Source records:
------------------------------------------------

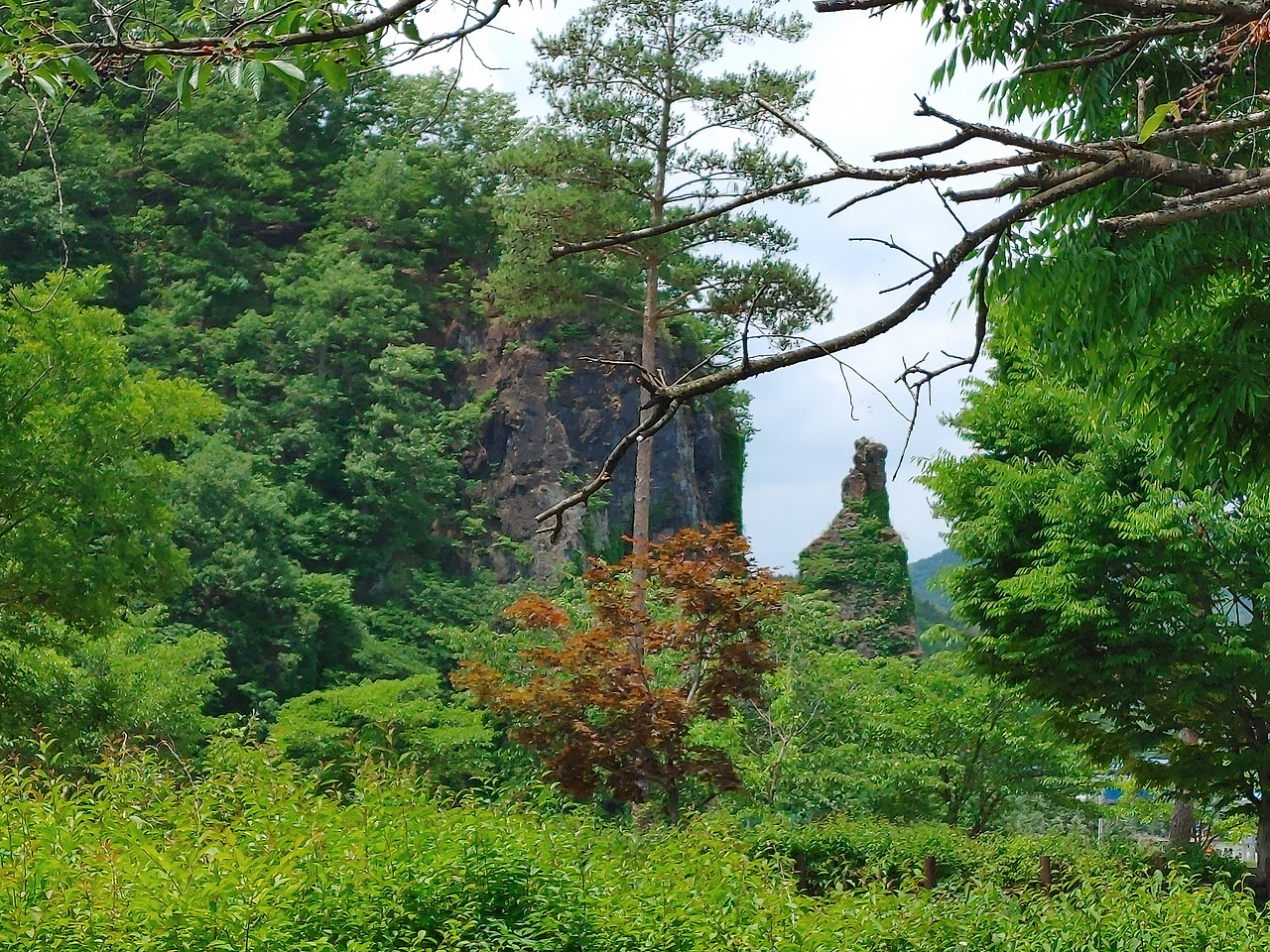 20220612_121221 (1).jpg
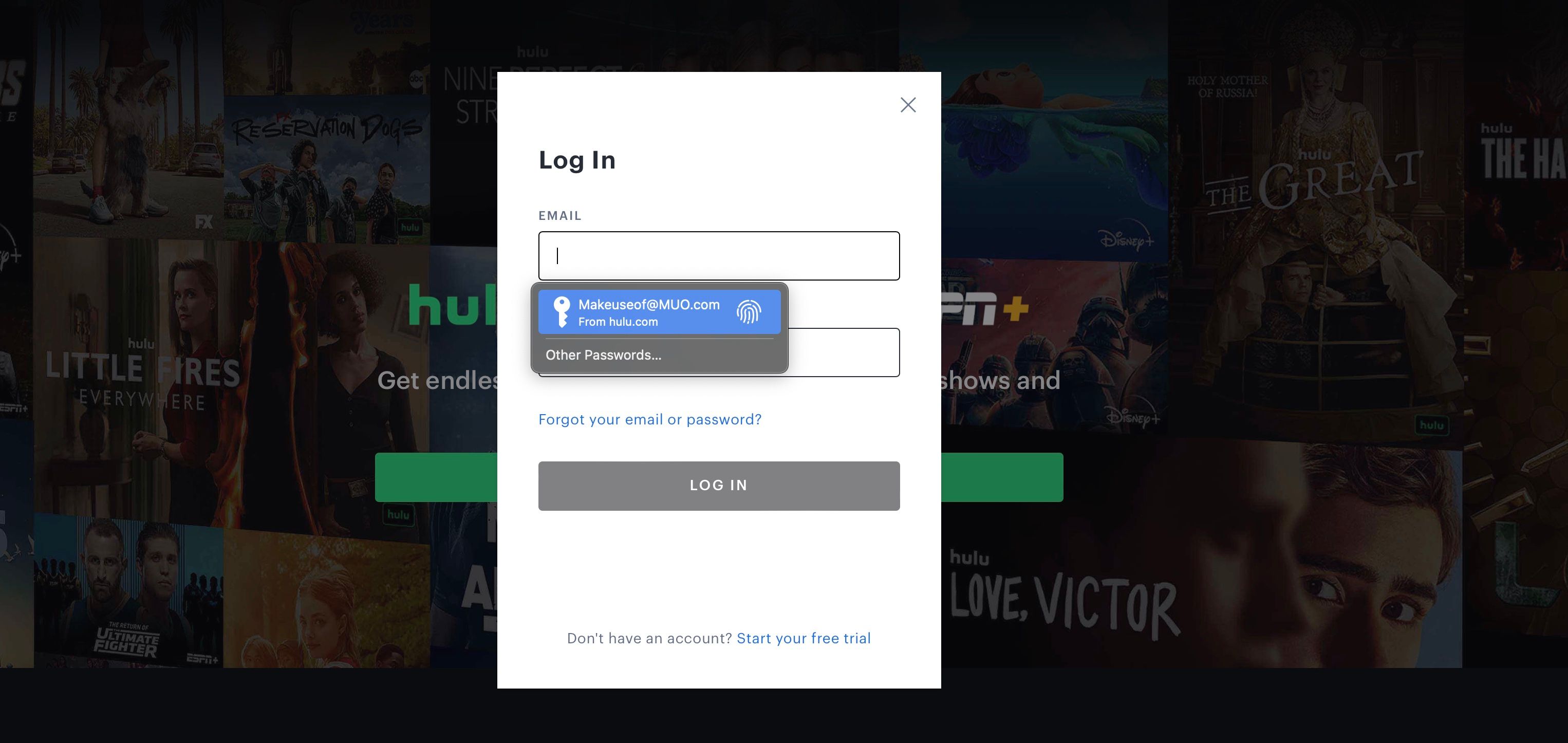 Invite de remplissage automatique dans Safari sur le site Web de Hulu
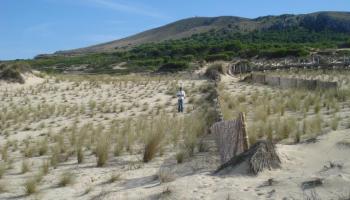 Els ecologistes encenen les alarmes perquè la nova norma permet fer canvis «en les dunes, salines, i gairebé per tot en general».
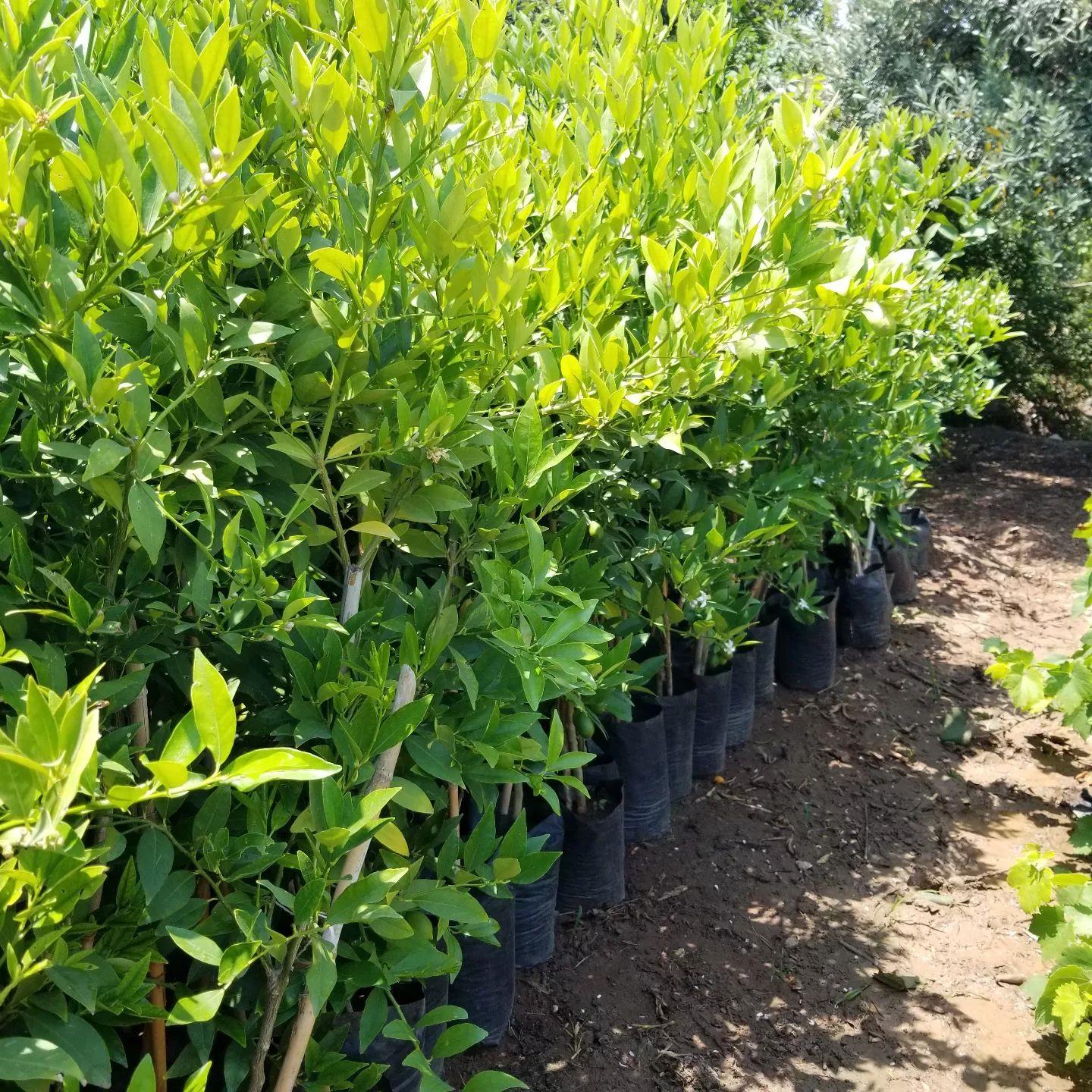 6 Yaş Aşılı Fukushu (Obovata) İri Kamkat Fidanı | Koleksiyonluk Gelişmiş Narenciye Ağacı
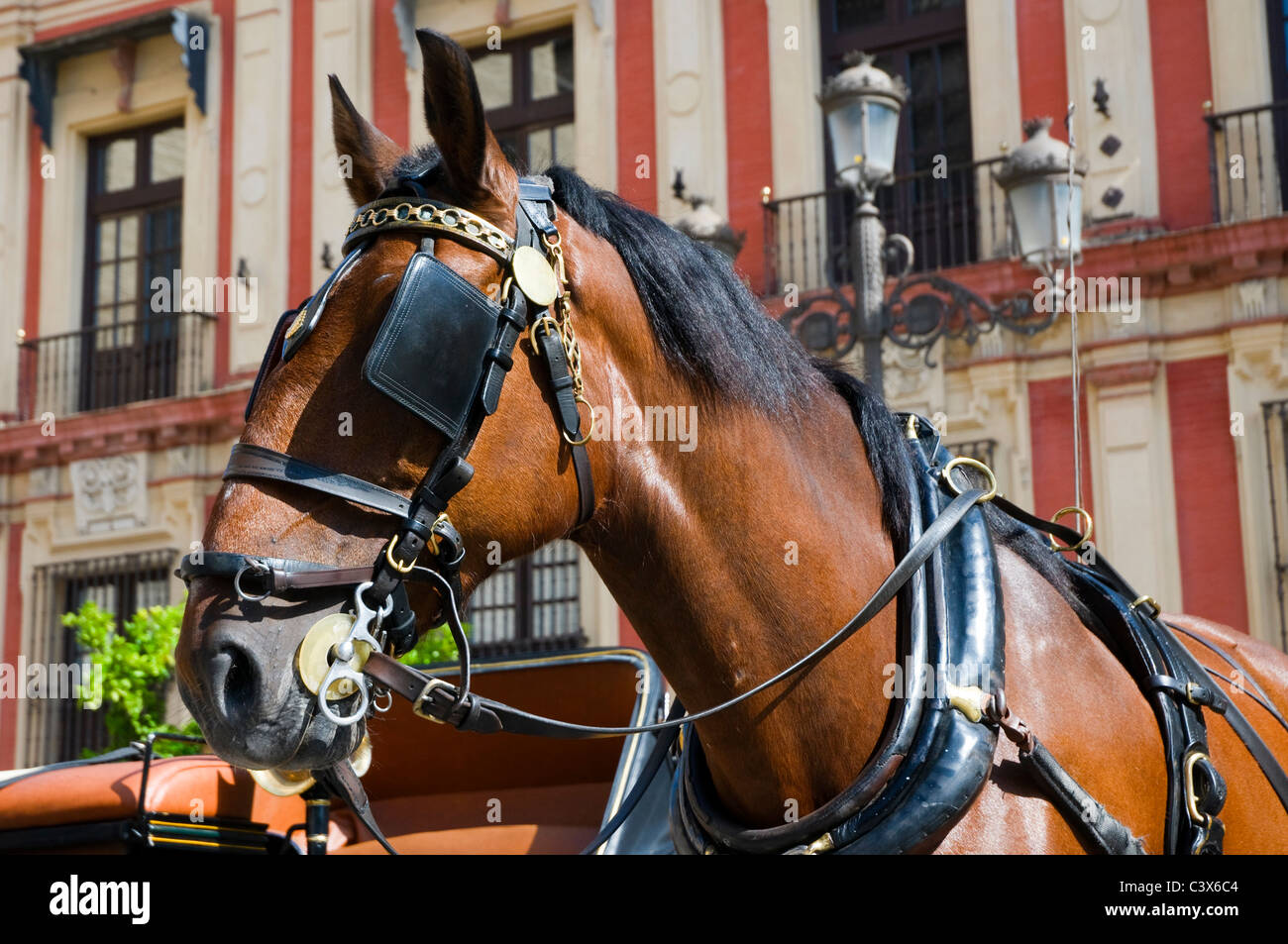 The head of a chestnut horse waiting in the midday sun to pull a tourist carriage. Seville, Spain.  Ears pricked up. Stock Photo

------------------------------------------------

> [ASSIGNMENT] Repeat each line above exactly as it reads, omitting any pictures.

> [TASK RESULT]
 20220612_121221 (1).jpg
 Invite de remplissage automatique dans Safari sur le site Web de Hulu
 Els ecologistes encenen les alarmes perquè la nova norma permet fer canvis «en les dunes, salines, i gairebé per tot en general».
 6 Yaş Aşılı Fukushu (Obovata) İri Kamkat Fidanı | Koleksiyonluk Gelişmiş Narenciye Ağacı
 The head of a chestnut horse waiting in the midday sun to pull a tourist carriage. Seville, Spain.  Ears pricked up. Stock Photo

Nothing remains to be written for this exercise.